Quantcast
Channel: Irregular Times » elderly
Viewing all articles
Browse latest Browse all 3

The Can Kicks Back Throws Students Under its “Millenial” Bus

0
0

Although the DC beltway political corporation called The Can Kicks Back was funded by an elderly billionaire, it says it acts on behalf of the millenial generation of young people just getting their start in life.

Although The Can Kicks Back got started with an advisory board made up entirely of elderly rich white men, it insists that it is a “grassroots” movement for millenials.

The Can Kicks Back campus tour puts old rich people on stage and interviews themThree years later after its founding, the advisory board for The Can Kicks Back is still populated by elderly rich white men:
Evan Bayh – Former Democratic Senator and Governor from Indiana

Erskine Bowles – Former Co-Chair, National Committee on Fiscal Responsibility and Reform; Chief of Staff, President Bill Clinton

Jonathan Cowan – President, Third Way

Ryan Randall -Director of Public Policy with Passport Capital

Gary Shapiro – CEO, Consumer Electronics Association

Alan Simpson – Retired Republican U.S. Senator from Wyoming

David M. Walker – CEO, Peterson-funded Comeback America Initiative

 

The closest this big-power, big-money list comes to the millenial generation is 45-year-old hedge fund king Ryan Randall, who is 15 years too old to even rank among the oldest of the millenials.  Everyone else on this list is old, old, old.  But still The Can Kicks Back says it is all about the millenials, with 96 web pages on its website using the word “millenial,” only 3 using the phrase “Generation X,” and only 14 using the phrase “Baby Boomers.”

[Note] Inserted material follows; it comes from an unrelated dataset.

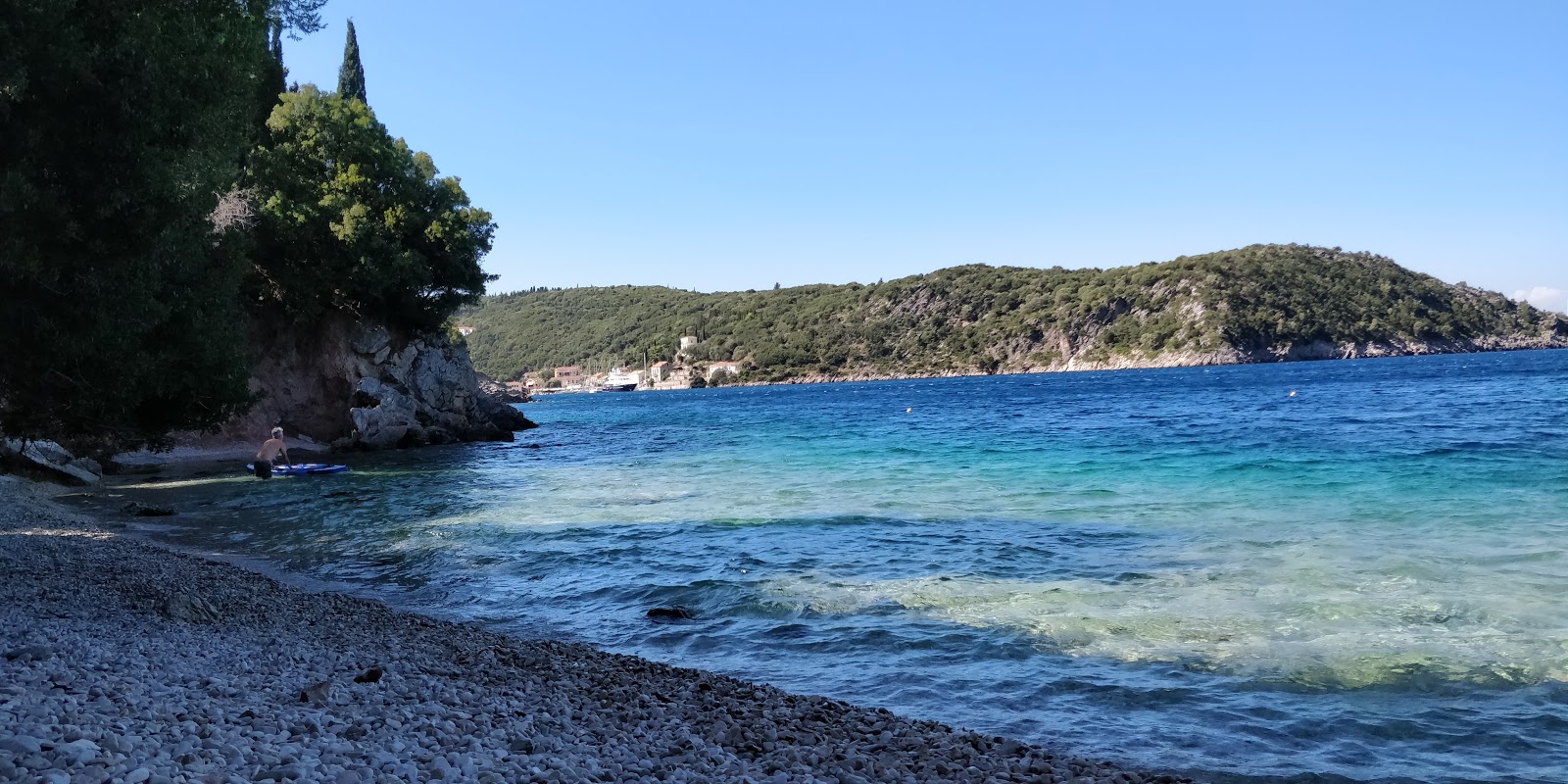 Fotografie cu Kantina beach II cu o suprafață de apa pură turcoaz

Although The Can Kicks Back’s campus tour was centered around interviews with elderly rich white men, the corporation insists that it acts in the name of the millenial generation.

In the winter of 2013, The Can Kicks Back vowed it would demonstrate its millenial bona fides by starting up 300 campus chapters by the end of the spring semester of that year.  It flooded campus chapters with money and even flew its student “volunteers” to Washington, DC on junkets to meet with the rich and powerful.  Still, The Can Kicks Back only managed to generate 10 active chapters out of its goal of 300.  It spent $2.4 million on American campuses in an effort to obtain signatures on just 800 cans declaring support for the agenda of budget cuts to social programs — that’s $3,000 per can.  Two years later, in the spring semester of 2015, The Can Kicks Back campus program is defunct.

The Can Kicks Back corporation keeps declaring, despite all evidence, that it is an advocacy group working on behalf of the millenial generation, a generation centered on those who are about to go to, in, or recently graduated from college.  In short, the millenial generation is the generation of massive student loan debt.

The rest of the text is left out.